IMF comments on "Does the IMF Constrain Health Spending in Poor Countries"June 29, 2007
The views expressed in this paper are those of the staff and do not necessarily reflect the views of the Executive Board of the IMF.
The report of the Working Group on IMF Programs and Health Spending is well researched and thoughtful. IMF staff discussed many aspects of the report with David Goldsbrough and other members of the Working Group during the preparation stage. While we have a more nuanced view on some issues raised in the report, it is a significant input to enhance our understanding of the policy choices facing low-income countries (LICs). Indeed, one of the aims of the IMF's Medium-Term Strategy is to provide a framework for a more focused and effective Fund engagement in LICs to help these countries making progress towards the UN Millennium Development Goals (MDGs).
The report comes at an opportune time. On July 6, the IMF Executive Board will discuss a series of papers that address some of the very issues the report deals with: the appropriate design of Fund-supported programs and of fiscal policies in an environment of scaled-up aid. This discussion will help further clarify the Fund's position on these issues, thus responding to the report's call that the IMF be `crystal clear' about its role in low-income countries.
Positive aspects of Fund work in LICs are highlighted in the report. For example, it finds that the average increase in health spending as a share of GDP was larger for countries with Fund-supported programs than in LICs without such programs. Also, the report makes clear that IMF program conditionality has not included any wage-bill ceilings (or hiring freezes) specifically on the health sector. In addition, program design has not been `one-size-fits-all', but has been flexible to accommodate higher spending, depending on the circumstances.

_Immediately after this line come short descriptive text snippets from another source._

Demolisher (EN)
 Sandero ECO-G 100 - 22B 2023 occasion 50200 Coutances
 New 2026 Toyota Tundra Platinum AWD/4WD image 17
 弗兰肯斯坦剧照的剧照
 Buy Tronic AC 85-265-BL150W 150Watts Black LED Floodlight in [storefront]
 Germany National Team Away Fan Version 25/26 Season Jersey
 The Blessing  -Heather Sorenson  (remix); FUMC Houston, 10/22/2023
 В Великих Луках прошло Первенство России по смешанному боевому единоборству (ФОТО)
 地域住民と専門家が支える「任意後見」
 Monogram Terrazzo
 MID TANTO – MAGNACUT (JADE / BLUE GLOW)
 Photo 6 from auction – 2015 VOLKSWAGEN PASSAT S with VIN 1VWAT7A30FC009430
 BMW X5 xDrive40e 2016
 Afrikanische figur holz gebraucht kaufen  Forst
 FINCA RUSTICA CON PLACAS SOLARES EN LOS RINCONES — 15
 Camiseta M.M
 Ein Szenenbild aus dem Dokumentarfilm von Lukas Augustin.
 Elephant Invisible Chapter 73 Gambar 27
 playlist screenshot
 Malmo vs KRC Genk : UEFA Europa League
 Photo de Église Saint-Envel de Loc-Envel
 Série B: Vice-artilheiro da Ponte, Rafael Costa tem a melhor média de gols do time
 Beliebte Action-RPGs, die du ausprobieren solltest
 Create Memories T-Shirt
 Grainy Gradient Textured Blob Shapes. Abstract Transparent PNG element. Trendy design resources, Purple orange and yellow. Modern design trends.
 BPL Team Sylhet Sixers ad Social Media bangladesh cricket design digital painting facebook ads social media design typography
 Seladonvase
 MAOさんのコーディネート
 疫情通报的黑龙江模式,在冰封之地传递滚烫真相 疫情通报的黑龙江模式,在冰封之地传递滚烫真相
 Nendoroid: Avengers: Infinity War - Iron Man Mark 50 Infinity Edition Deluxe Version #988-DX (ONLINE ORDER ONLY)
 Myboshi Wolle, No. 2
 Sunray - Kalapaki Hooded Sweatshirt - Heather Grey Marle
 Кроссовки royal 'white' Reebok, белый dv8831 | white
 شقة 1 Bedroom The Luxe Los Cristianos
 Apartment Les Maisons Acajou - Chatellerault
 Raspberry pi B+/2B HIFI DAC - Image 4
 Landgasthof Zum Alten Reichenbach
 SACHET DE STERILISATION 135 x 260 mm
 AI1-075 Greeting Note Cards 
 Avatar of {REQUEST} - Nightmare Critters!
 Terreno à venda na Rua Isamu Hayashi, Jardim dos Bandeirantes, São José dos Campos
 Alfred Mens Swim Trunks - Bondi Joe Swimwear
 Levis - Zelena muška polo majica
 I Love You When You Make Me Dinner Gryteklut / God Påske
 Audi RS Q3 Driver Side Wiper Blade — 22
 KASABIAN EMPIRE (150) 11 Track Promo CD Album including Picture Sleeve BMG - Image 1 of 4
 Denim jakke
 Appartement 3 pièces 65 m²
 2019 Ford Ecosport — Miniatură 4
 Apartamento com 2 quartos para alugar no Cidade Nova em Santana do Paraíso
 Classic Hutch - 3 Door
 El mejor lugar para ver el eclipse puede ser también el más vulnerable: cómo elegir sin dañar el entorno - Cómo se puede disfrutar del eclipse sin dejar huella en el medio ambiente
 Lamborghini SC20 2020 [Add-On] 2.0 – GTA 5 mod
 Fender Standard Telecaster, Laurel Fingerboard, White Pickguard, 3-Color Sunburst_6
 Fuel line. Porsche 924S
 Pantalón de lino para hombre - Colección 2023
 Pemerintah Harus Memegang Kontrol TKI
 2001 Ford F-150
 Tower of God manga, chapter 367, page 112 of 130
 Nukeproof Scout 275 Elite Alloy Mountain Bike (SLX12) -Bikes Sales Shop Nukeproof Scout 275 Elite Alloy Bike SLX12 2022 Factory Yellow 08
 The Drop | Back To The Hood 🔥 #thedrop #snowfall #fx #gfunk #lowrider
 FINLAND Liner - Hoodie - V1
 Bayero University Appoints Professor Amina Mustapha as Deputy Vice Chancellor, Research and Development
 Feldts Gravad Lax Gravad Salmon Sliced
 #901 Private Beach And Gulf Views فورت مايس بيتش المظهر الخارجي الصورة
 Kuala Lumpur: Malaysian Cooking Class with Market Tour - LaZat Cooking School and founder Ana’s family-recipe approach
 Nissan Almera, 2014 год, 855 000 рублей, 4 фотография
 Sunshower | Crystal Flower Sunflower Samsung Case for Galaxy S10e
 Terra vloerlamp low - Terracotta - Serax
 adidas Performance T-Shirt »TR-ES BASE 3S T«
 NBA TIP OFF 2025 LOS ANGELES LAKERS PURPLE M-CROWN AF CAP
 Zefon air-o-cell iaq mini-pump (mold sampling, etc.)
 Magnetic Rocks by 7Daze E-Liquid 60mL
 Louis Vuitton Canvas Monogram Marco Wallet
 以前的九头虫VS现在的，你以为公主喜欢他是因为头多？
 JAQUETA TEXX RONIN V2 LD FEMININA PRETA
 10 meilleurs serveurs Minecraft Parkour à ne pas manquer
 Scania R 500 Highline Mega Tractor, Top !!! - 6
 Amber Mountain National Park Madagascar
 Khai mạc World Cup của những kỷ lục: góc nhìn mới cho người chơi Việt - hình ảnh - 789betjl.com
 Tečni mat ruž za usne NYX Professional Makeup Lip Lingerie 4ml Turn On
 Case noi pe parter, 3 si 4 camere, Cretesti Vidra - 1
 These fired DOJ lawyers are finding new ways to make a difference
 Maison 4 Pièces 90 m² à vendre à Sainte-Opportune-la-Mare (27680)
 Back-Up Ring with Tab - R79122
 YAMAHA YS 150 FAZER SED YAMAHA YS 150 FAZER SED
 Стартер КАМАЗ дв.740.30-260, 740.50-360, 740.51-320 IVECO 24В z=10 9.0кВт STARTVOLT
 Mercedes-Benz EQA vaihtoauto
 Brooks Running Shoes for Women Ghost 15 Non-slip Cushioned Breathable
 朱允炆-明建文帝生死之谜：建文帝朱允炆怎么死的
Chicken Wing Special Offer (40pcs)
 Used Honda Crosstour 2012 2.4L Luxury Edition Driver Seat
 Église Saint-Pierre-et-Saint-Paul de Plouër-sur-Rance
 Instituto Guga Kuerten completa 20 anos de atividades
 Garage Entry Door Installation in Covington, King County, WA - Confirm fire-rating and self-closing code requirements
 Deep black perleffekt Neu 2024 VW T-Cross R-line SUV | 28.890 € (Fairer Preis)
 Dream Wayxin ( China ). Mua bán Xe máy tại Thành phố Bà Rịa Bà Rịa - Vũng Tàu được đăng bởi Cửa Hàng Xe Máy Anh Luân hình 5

The report of the Working Group rightfully emphasizes a number of critical issues. These include the importance of expenditure smoothing when designing medium-term fiscal programs, the role of wage-bill ceilings and the need to protect priority sector spending, as well as the importance of considering alternative scenarios in designing macroeconomic policies. The Fund has also been thinking about these issues for some time; this thinking has culminated in a set of papers which will shortly be discussed by the Fund's Executive Board.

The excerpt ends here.